Exercise objective: Transcribe the data verbatim and drop its images.
══ Information provided
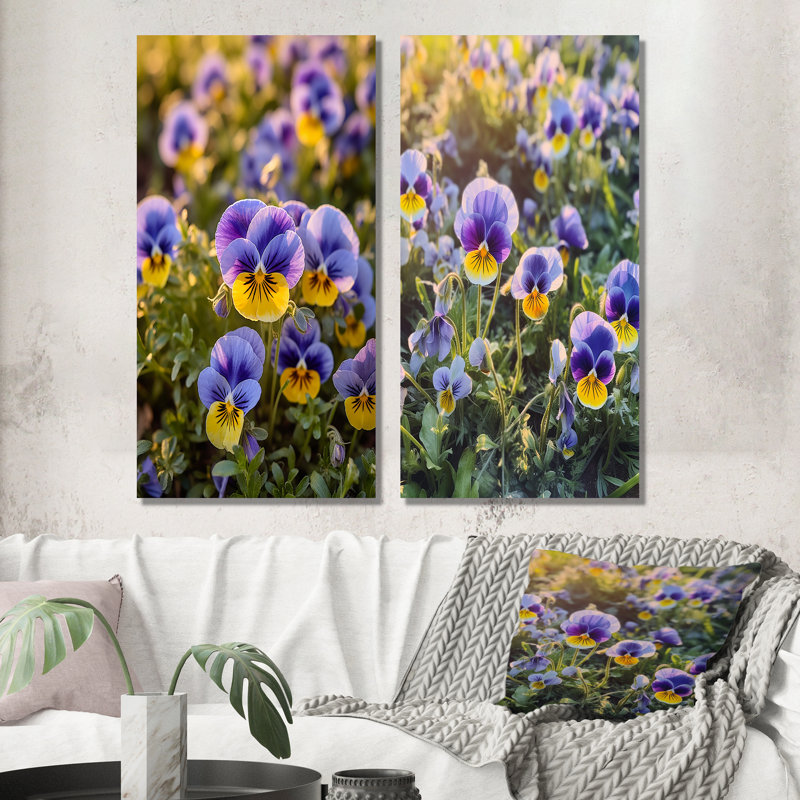 «Purple Yellow Natures Pansies», 2 pièces sur toile, Toile tendue, H 24 po x l 20 po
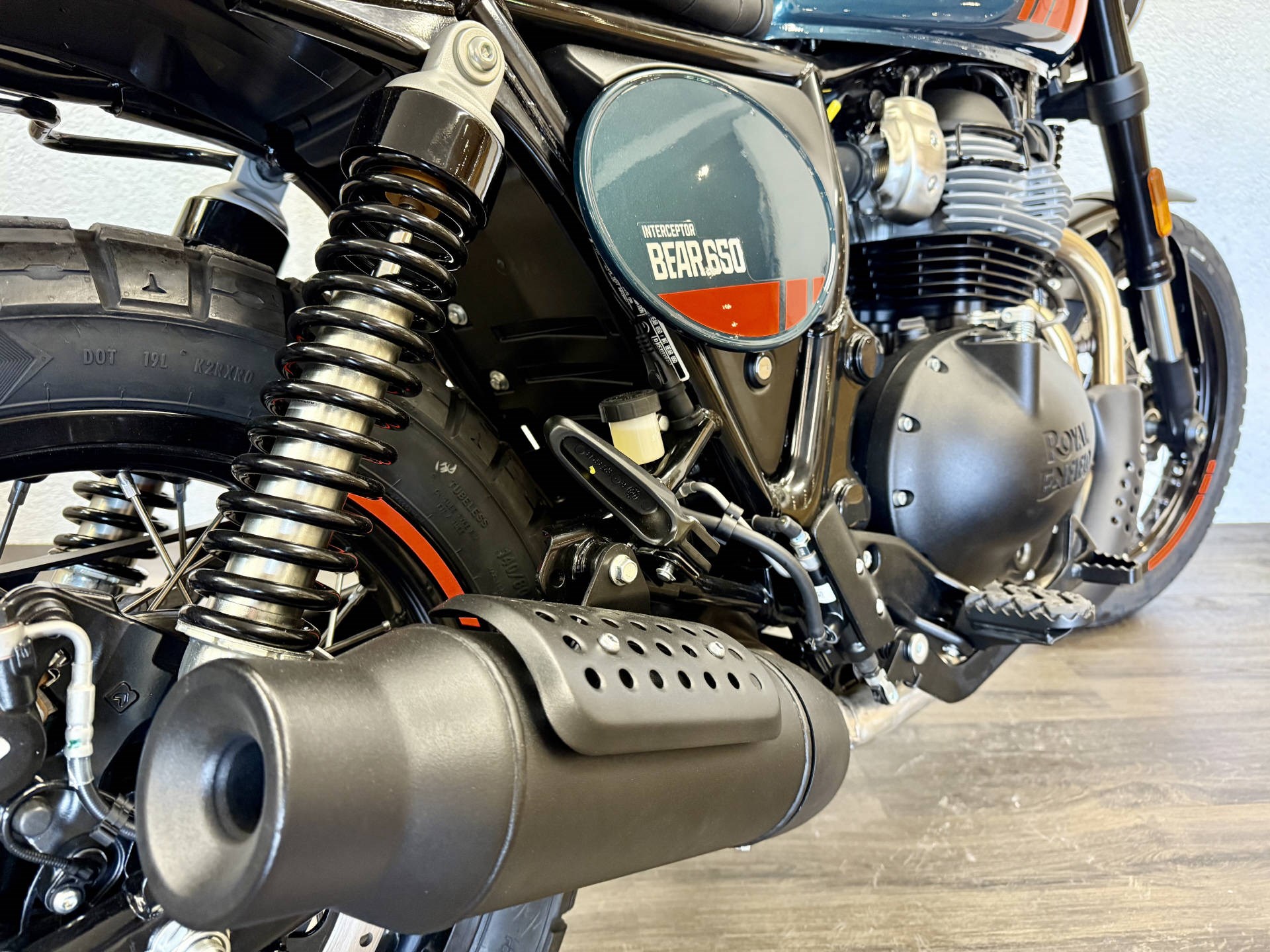 ROYAL ENFIELD BEAR 650-image-4
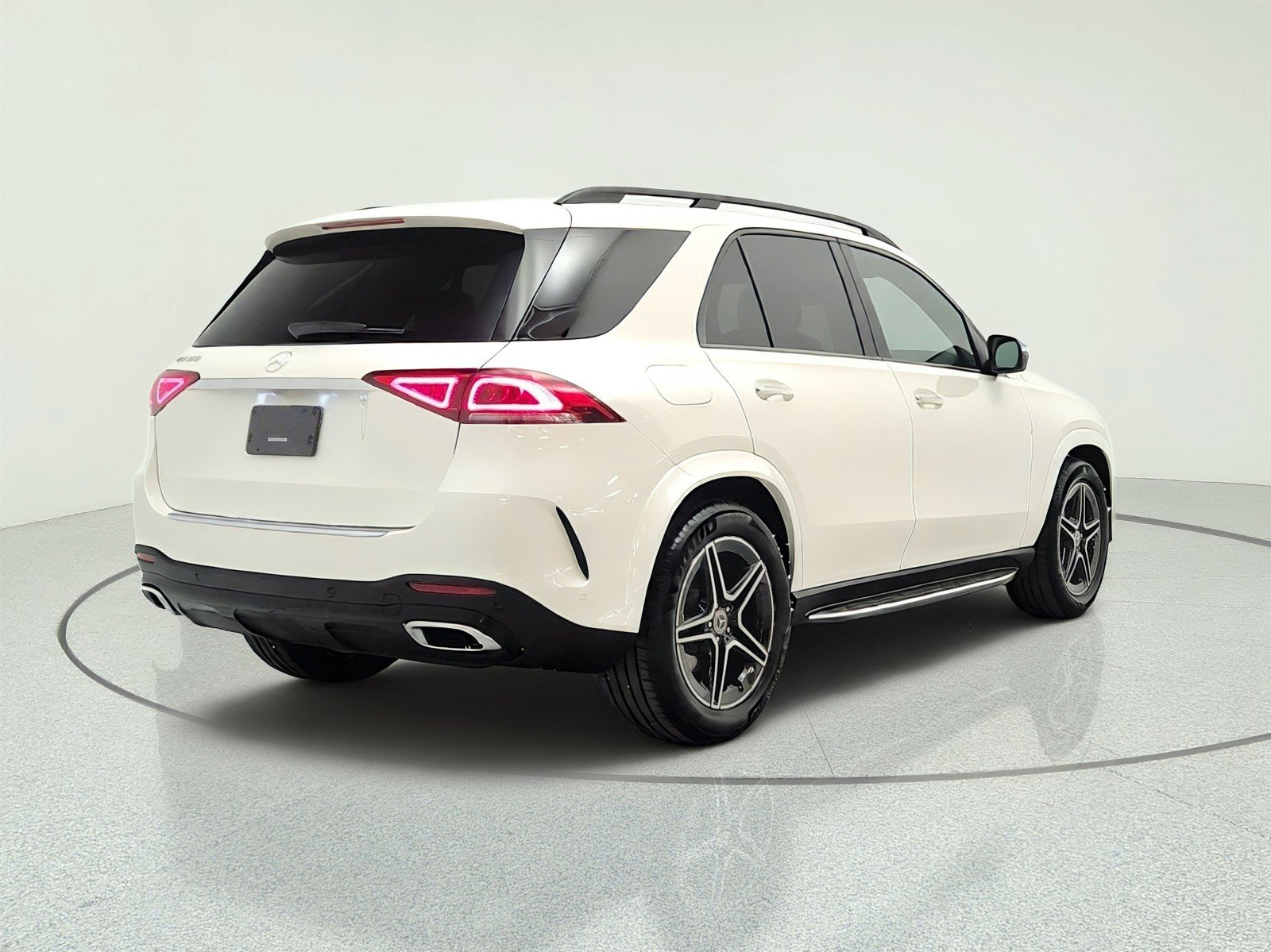 Used 2022 MANUFAKTUR Diamond White Bright Mercedes-Benz GLE 350 SUV image 5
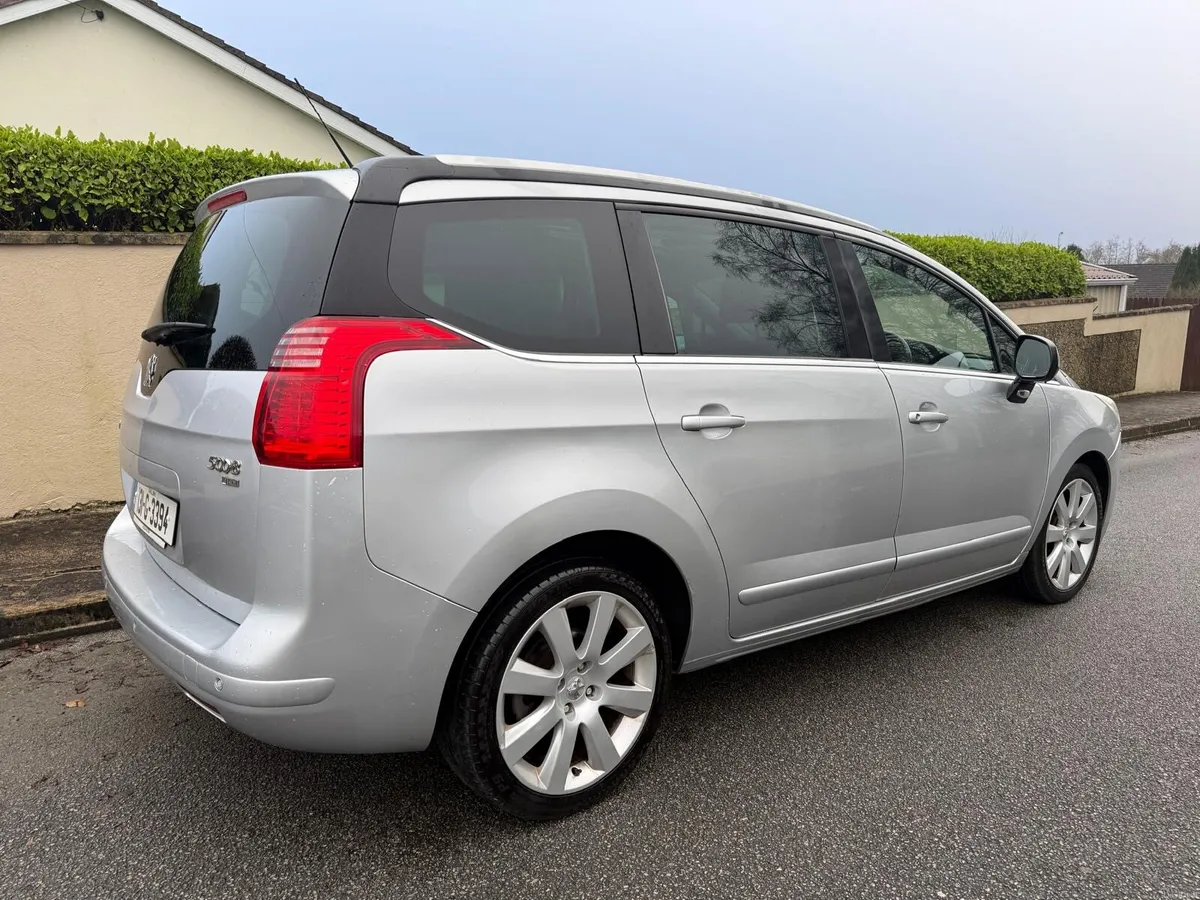 2013 Peugeot 5008 7 Seater Automatic - Image 3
════
Exercise result:
 «Purple Yellow Natures Pansies», 2 pièces sur toile, Toile tendue, H 24 po x l 20 po
 ROYAL ENFIELD BEAR 650-image-4
 Used 2022 MANUFAKTUR Diamond White Bright Mercedes-Benz GLE 350 SUV image 5
 2013 Peugeot 5008 7 Seater Automatic - Image 3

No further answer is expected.